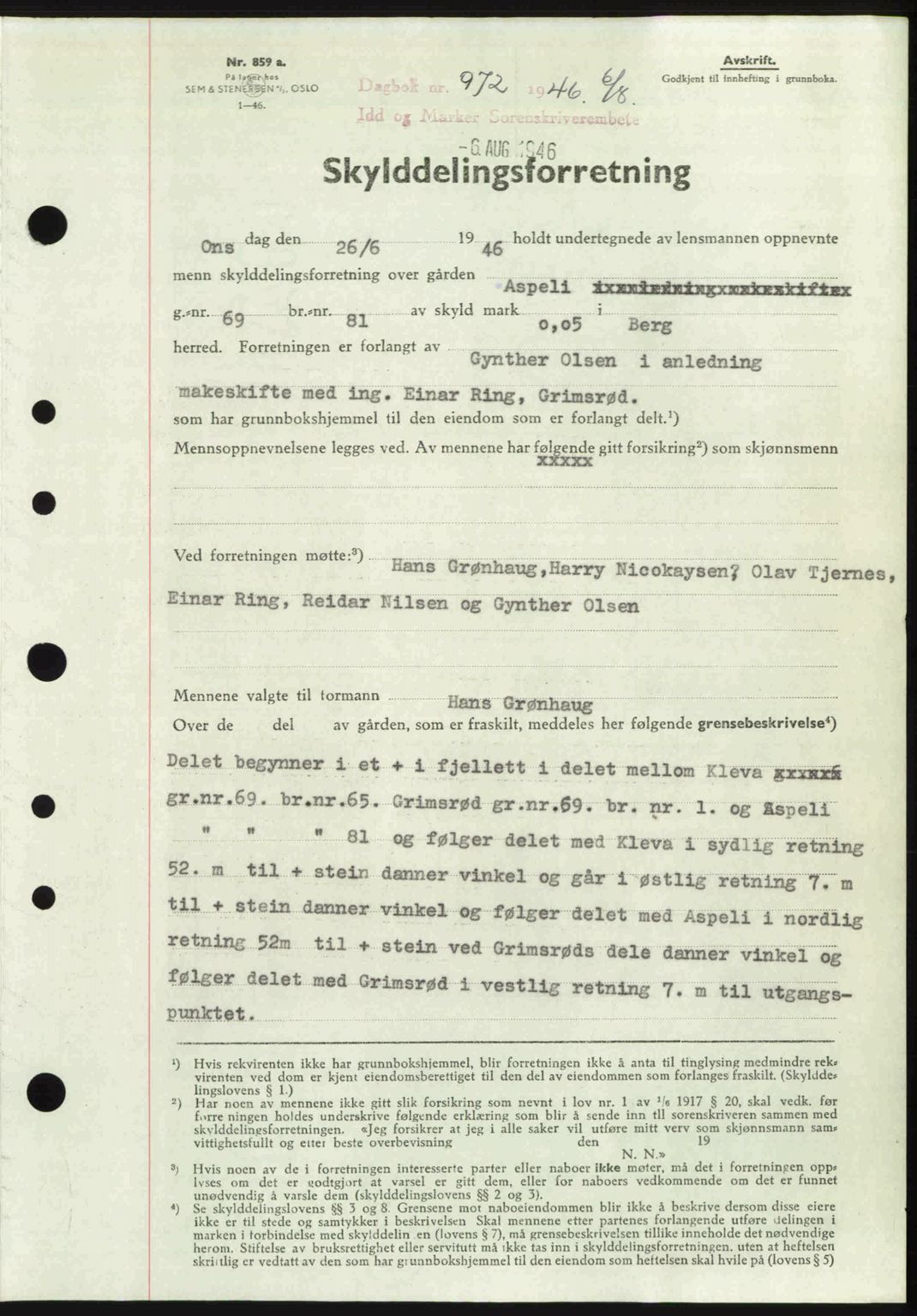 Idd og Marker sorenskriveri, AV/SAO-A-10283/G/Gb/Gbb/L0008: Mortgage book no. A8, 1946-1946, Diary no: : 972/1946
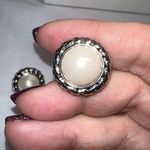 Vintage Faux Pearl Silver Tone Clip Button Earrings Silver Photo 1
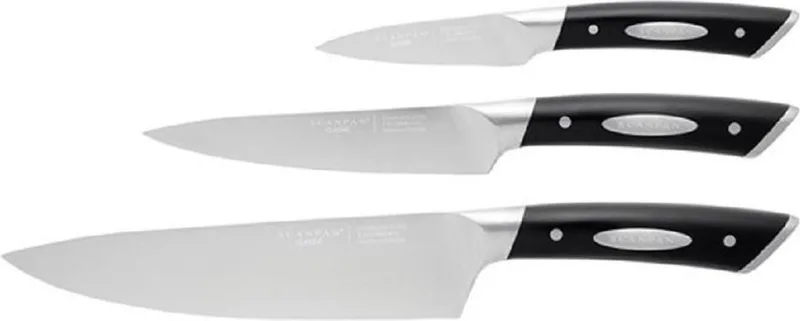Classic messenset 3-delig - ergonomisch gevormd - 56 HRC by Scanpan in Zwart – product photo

- [Assignment]: Wherever an image appears in the data, omit it and repeat everything else exactly.

- [Expected output]:
 Idd og Marker sorenskriveri, AV/SAO-A-10283/G/Gb/Gbb/L0008: Mortgage book no. A8, 1946-1946, Diary no: : 972/1946
 Vintage Faux Pearl Silver Tone Clip Button Earrings Silver Photo 1
Classic messenset 3-delig - ergonomisch gevormd - 56 HRC by Scanpan in Zwart – product photo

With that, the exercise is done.